Bankruptcy: Automatic Stay Never in Effect
If a debtor files a new bankruptcy petition and had two or more single or joint bankruptcy cases dismissed in the prior year (other than through a Section 707(b) dismissal), the automatic stay does not go into effect upon the filing of the new petition. 11 U.S.C. § 362(c)(4). Section 362(c)(4)(B)— a provision similar to 11 U.S.C. § 362(c)(3)(B)—allows a party in interest to file a motion seeking application of the stay. The moving party must file the motion within thirty days of the date the new case was filed and must establish by clear and convincing evidence that the current filing was not made in bad faith.

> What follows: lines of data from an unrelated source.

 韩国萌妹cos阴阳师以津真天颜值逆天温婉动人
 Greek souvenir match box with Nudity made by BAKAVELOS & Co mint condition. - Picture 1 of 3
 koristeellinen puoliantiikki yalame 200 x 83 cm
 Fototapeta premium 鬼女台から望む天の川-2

If the court orders that the stay is to take effect in the new case, the effective date of the stay is the date the order is entered allowing the stay to go into effect; the stay is not retroactive to the date the new case was filed. 11 U.S.C. § 362(c)(4)(C). If the debtor files a motion under 11 U.S.C. § 362(c)(4) to have the stay take effect and a collection action (such as a foreclosure sale) is held between the date the motion is filed and the date the order allowing the motion is entered, the collection action is valid and has not violated the automatic stay.
Under 11 U.S.C. § 362(c)(4)(D) (which is similar to 11 U.S.C. § 362(c)(3)), it is presumed that a new filing was made in bad faith when
- the debtor had two or more cases pending within the prior year;
- one of debtor's cases filed in the previous year was dismissed after the debtor failed to comply with a court order;
- there has been no substantial change in the financial or personal affairs of the debtor since the dismissal of the most recent case; or
- as to a particular creditor, in a prior case the creditor had filed a motion for relief from stay that was still pending as of the date the case was dismissed or was resolved by terminating, conditioning, or limiting the stay as to that creditor.11 U.S.C. § 362(c)(4)(D).

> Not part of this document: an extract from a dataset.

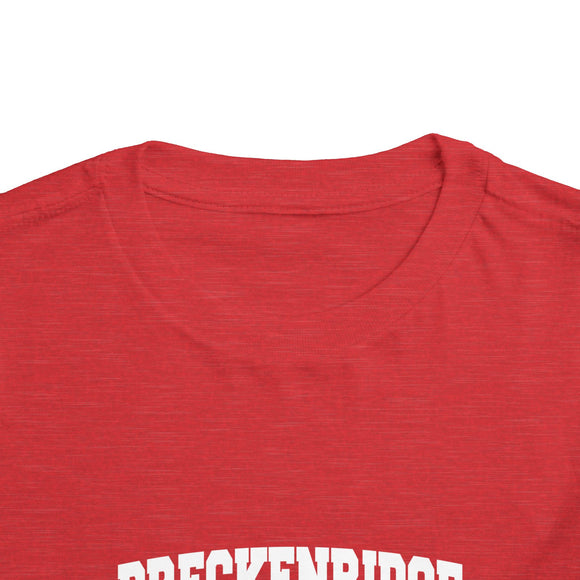 Breckenridge, Colorado Toddler Graphic Tee - Kids Breckenridge Vacation T-Shirt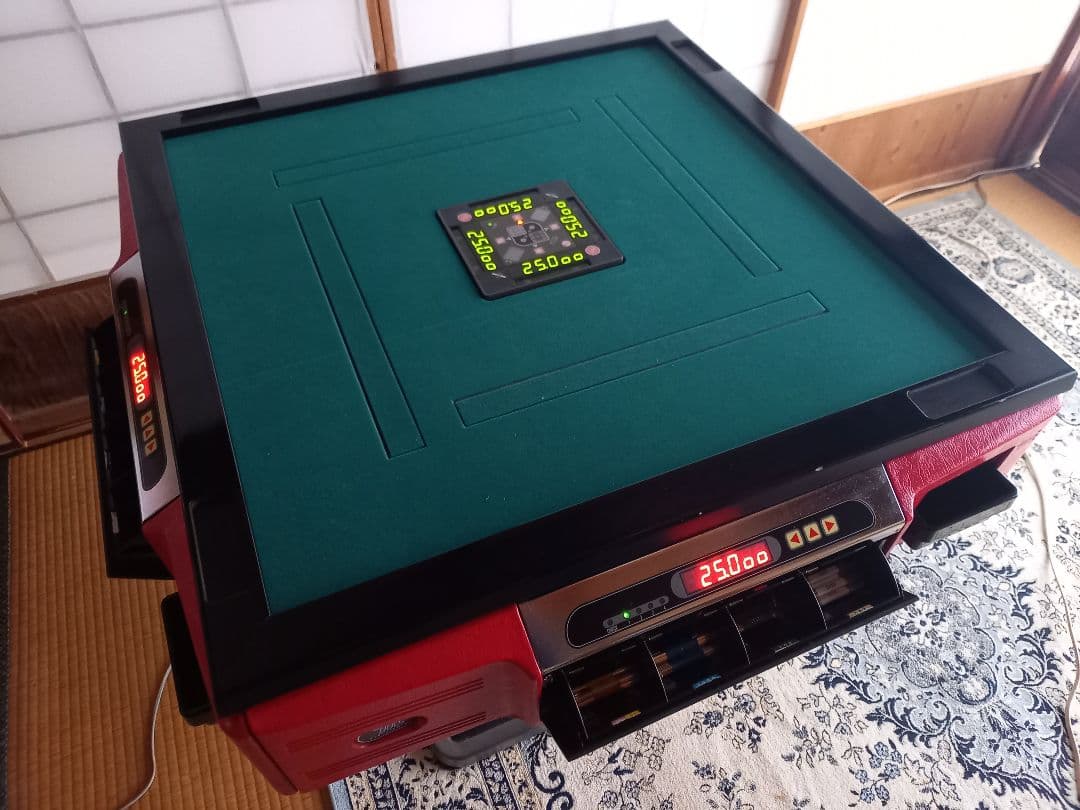 全自動麻雀卓　センチュリーPAL　デジコロンCF 50Hz仕様？　牌皿無し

Subsections 362(c)(3) and (4) do not require a creditor to confirm with the court that the automatic stay either has terminated after thirty days or did not arise at all. However, in order to avoid a later claim that its collection action violated the stay, the creditor should consider requesting a “comfort order” confirming that the automatic stay either is not in place or has terminated. The code authorizes a creditor to request a comfort order in Section 362(c)(4) situations, see 11 U.S.C. § 362(c)(4)(A)(ii), and in all other instances where the automatic stay has terminated, see 11 U.S.C. § 362(j). According to 11 U.S.C. § 362(c)(4)(A)(ii), the court will enter the comfort order “promptly.” A sample motion for a comfort order pursuant to 11 U.S.C. § 362(c)(4)(A)(ii) is attached as Exhibit F.”
Excerpts taken from:
BKR MA-CLE 19
Massachusetts Continuing Legal Education, Inc.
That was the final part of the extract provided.